KIRO Newsradio Headlines: Environmental groups push to make bull kelp an endangered species
Environmental groups are pushing to make bull kelp an endangered species.
Bull kelp is a seaweed that is an important habitat for fish and sea otters in the Puget Sound, similar to the importance of coral reefs in tropical waters.
Cynthia Catton from the Department of Natural Resources says that kelp forests have been decimated in Northern California and Oregon but that we are doing better here in Washington State.
In March, Washington passed a state law that aims to restore 10 thousand acres of our state’s underwater kelp forests by 2040.
Catton says that identifying something as endangered elevates awareness of the issue and puts a focus on it. She says that in Washington, we are prioritizing what is considered an underwater forest.
Discovery Park beaches closed this week
The north and south beaches at Seattle’s Discovery Park will be closed tomorrow and Thursday because of work on the West Point Treatment Plant.
The West Point Lighthouse, as well as the nearby parking trails and roads, will also be closed.

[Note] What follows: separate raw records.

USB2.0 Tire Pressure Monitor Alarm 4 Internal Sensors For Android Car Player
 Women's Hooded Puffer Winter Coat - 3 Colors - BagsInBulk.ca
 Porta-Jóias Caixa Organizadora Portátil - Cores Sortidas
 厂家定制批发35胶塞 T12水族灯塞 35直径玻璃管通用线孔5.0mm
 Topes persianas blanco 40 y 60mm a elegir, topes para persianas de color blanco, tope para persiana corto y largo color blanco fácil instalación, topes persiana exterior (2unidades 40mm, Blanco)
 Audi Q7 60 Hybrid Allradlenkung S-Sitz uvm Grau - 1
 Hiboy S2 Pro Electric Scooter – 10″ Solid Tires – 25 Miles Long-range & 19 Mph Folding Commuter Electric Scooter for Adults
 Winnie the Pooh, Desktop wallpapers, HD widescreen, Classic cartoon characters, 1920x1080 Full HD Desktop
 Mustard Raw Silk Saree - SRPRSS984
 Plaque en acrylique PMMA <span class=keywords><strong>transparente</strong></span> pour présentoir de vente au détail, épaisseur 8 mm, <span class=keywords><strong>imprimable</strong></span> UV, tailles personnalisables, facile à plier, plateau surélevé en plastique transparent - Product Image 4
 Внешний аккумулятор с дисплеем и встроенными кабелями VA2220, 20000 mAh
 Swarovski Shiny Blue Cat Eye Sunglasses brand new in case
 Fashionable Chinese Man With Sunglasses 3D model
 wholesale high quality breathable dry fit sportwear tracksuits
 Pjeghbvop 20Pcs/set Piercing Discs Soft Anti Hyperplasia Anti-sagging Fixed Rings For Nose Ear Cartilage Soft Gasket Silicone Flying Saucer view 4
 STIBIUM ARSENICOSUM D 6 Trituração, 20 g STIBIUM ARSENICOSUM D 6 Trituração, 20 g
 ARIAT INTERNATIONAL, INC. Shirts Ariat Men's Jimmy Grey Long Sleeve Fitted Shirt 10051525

Council sponsors bill to investigate crisis pregnancy centers
Councilmember Tammy Morales sponsored a bill to stop, what she calls, deceptive practices by the limited services centers. These centers have been accused of pretending to offer abortion services, but don’t, and instead, try to push pregnant people to use adoption or other alternatives.
Morales said these centers outnumber actual clinics 3-1 across the U.S. and in Washington, where they are able to skirt state law by not having any licensed medical staff.
If the mayor signs the bill, the centers could face tickets and fines for lying either by statement or omission about about the services they provide.
Gas-powered leaf blowers on their way out
The Seattle City Council unanimously approved Councilmember Alex Pedersen’s resolution to phase out the use of gas-fueled leaf blowers.
Specifically, the resolution calls on city departments to have a phase-out plan by the end of this year, so the city and its contractors can cease use of the leaf blowers by January 2025 – before a full city-wide ban in January 2027.
The resolution also calls on the council to explore incentives for landscaping businesses and low-income residents, such as a buy-back program to ditch the tools for something friendlier to the environment.